Once you find the line with "Black Lyra Sequence" in the listing below, set down exactly every line from it through the line with "Powerbank Joyroom JR-PBF17", but no pictures.

**Records provided**
****************

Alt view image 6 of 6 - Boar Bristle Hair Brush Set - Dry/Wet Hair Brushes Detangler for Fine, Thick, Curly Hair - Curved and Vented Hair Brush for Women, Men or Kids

****************

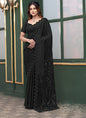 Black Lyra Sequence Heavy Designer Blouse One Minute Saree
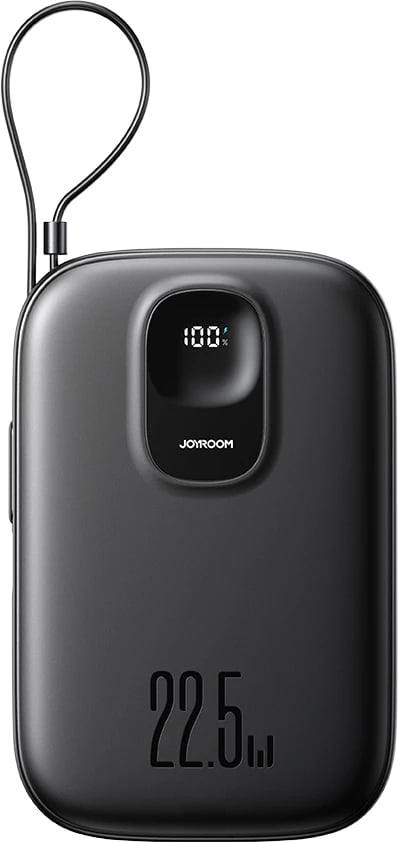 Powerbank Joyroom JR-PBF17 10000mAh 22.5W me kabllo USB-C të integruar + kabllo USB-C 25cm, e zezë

****************

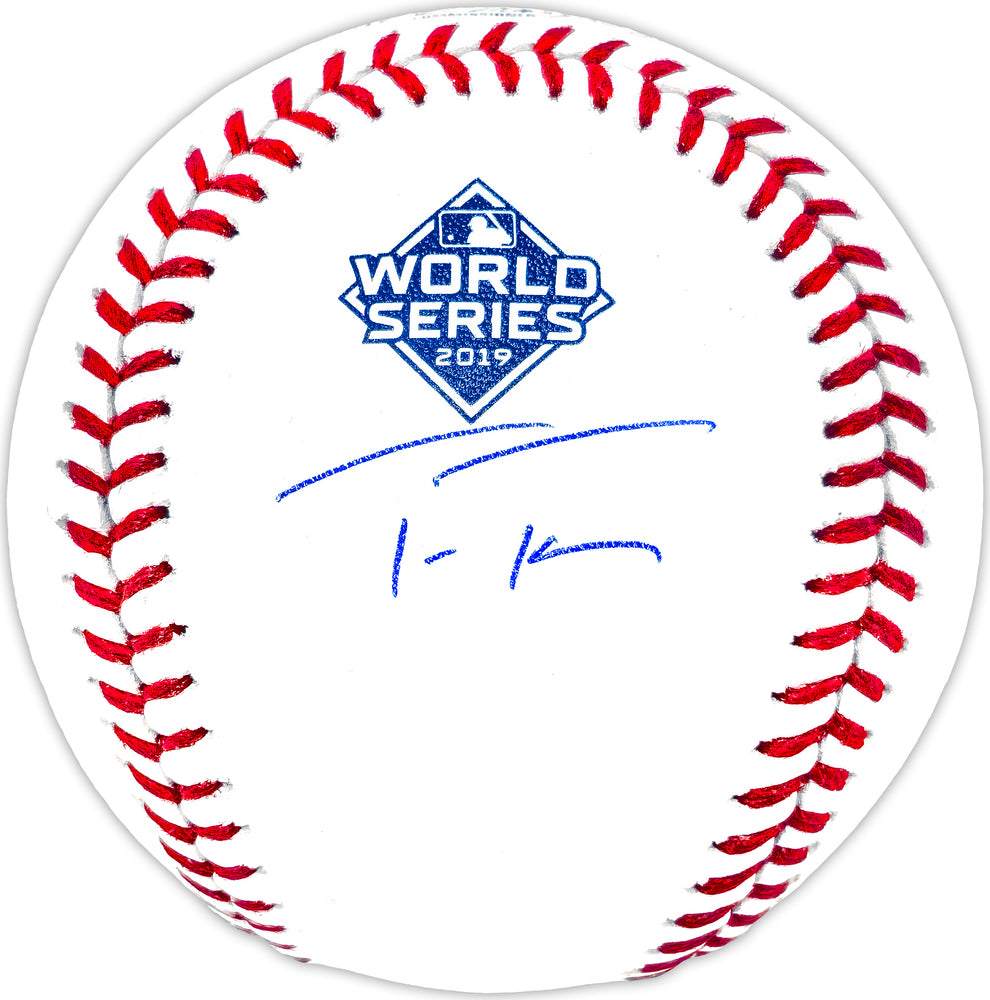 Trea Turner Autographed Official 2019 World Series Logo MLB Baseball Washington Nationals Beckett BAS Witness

****************

**Answer box**
 Black Lyra Sequence Heavy Designer Blouse One Minute Saree
 Powerbank Joyroom JR-PBF17 10000mAh 22.5W me kabllo USB-C të integruar + kabllo USB-C 25cm, e zezë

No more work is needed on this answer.